Sometimes I don’t need big reasons to shed tears, just a little pinch and I am unstoppable. As far as I remember myself, it has always been that way, I could be hurt with a single word (not even a complete sentence). As a kid I was always told that I was morose and I believed it to be true until recently when I discovered ‘you are what you think you are’ and I replaced ‘being morose’ with ‘being sensitive’.
I am not sure how many would get it, there are some people with whom we get really comfortable, to the extent that the child in us could dare to reveal itself! What if those people didn’t react to our childlike mannerism and instead termed it childish. It would be like thrashing that child mentally; which would eventually suppress his craving for being cosseted. Probably it was always suppressed, even when this person was actually a child and so he always felt being love deprived no matter how good several other things were.

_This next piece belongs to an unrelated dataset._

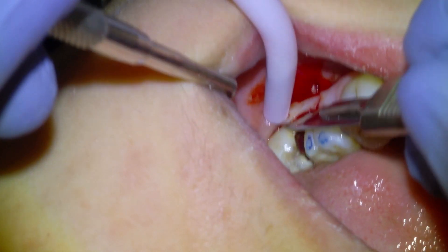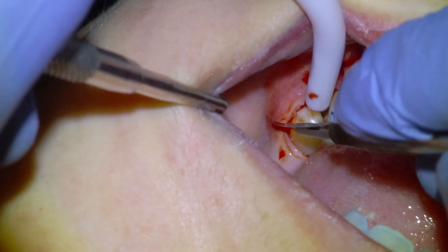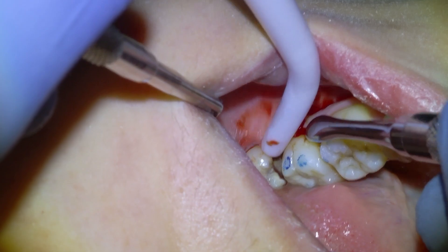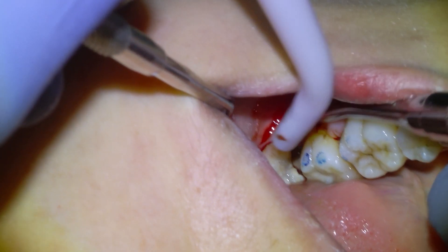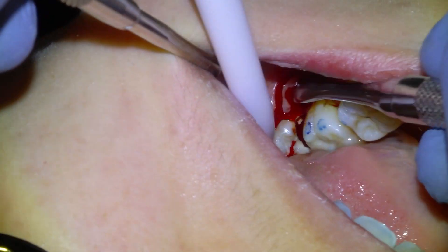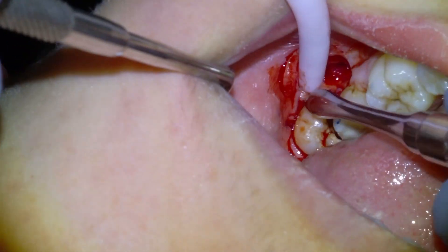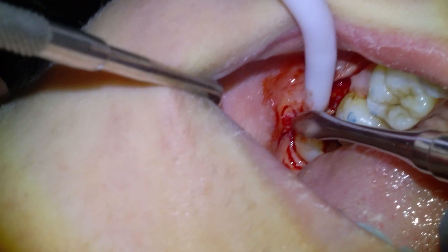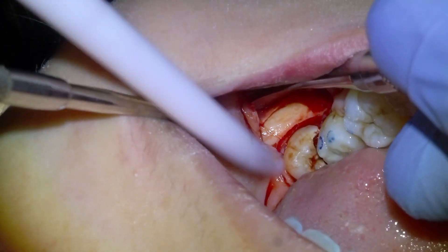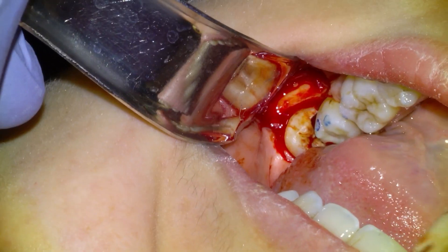We're going to begin the wisdom tooth extraction by laying a full thickness buccal flap, make a small releasing incision into the distal buccal of the wisdom tooth, and begin reflecting our flap with a Moult periosteal until we're on the bone. Once we're on the bone, we'll swap out the Moult for a Minnesota retractor and begin troughing our buccal bone.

So the probable solution is to train the mind to appreciate the brighter side of life and smile at the dimmer side. Accept the fact that together the two balance our world so they need to coexist. An even advanced level of maturity would be to treat bright and dim alike and not being affected by either... to overcome the duality of nature (we’ll leave this philosophy for some other post.)
Also people who get hurt soon become happy sooner (a broad grin even from a stranger can lighten their day); fortunately sensitivity is not a biased peculiarity!
Just shift focus and life is beautiful already :)!!